(Saved entries)
+===+

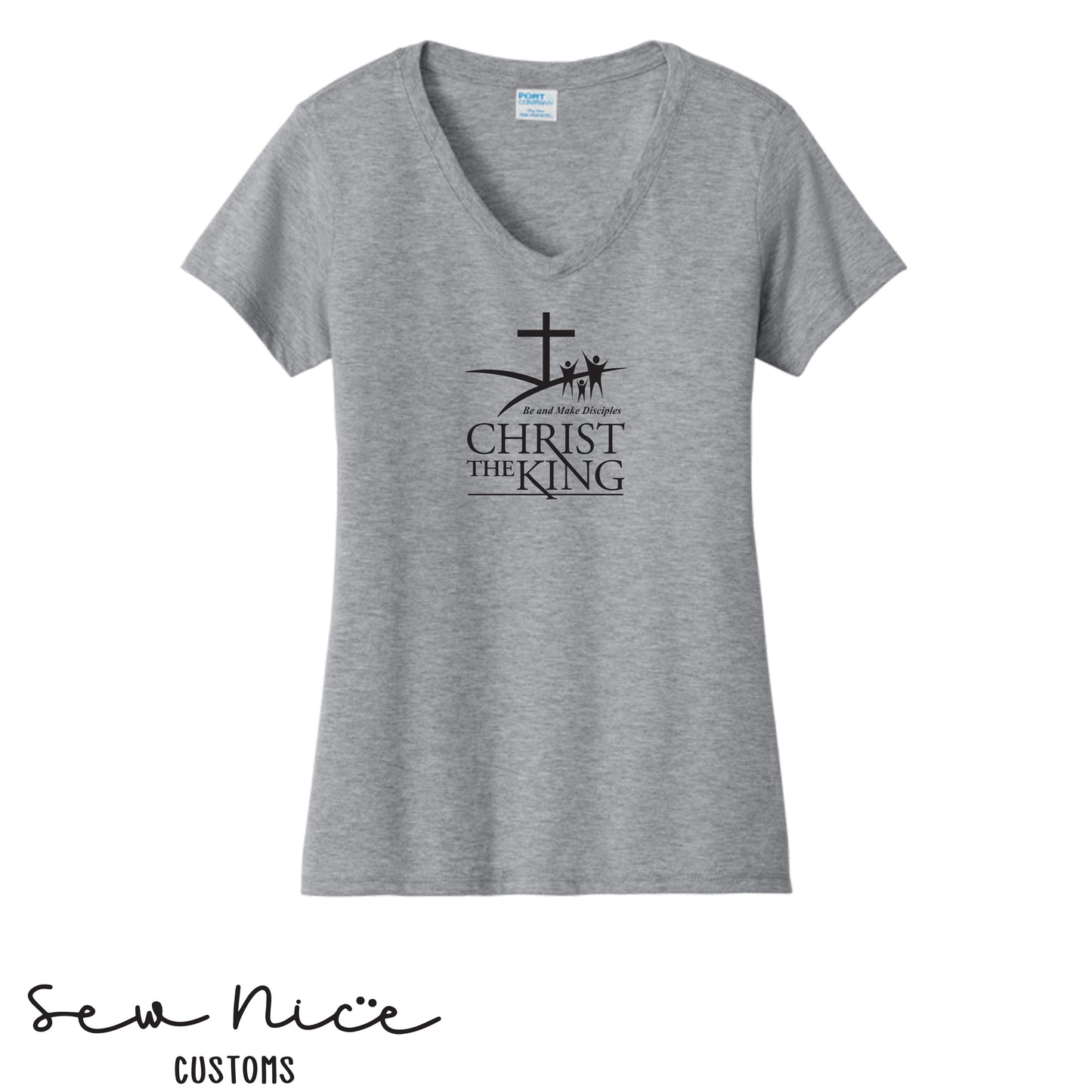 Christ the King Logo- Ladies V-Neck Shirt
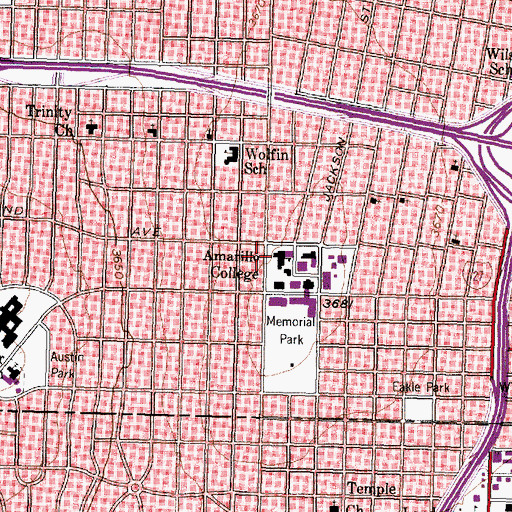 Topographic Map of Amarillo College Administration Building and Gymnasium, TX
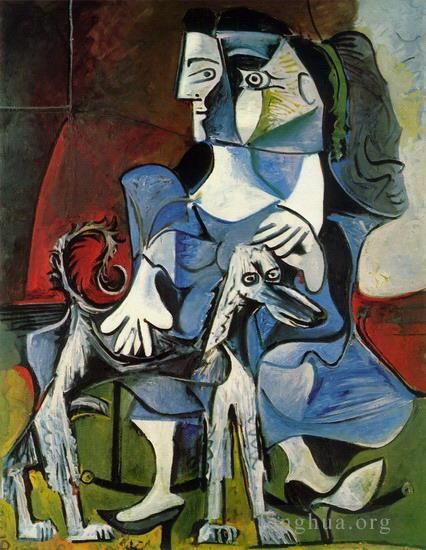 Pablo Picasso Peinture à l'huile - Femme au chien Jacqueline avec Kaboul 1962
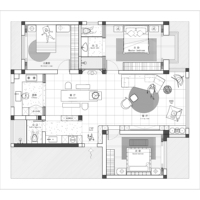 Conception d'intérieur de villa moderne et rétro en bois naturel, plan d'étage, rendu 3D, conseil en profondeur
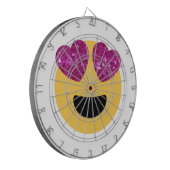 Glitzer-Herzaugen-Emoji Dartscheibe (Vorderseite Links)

+===+

** What you are asked to do **
Set down every entry above exactly as written. Leave out all pictures.

** Response to the exercise **
 Christ the King Logo- Ladies V-Neck Shirt
 Topographic Map of Amarillo College Administration Building and Gymnasium, TX
 Pablo Picasso Peinture à l'huile - Femme au chien Jacqueline avec Kaboul 1962
 Conception d'intérieur de villa moderne et rétro en bois naturel, plan d'étage, rendu 3D, conseil en profondeur
 Glitzer-Herzaugen-Emoji Dartscheibe (Vorderseite Links)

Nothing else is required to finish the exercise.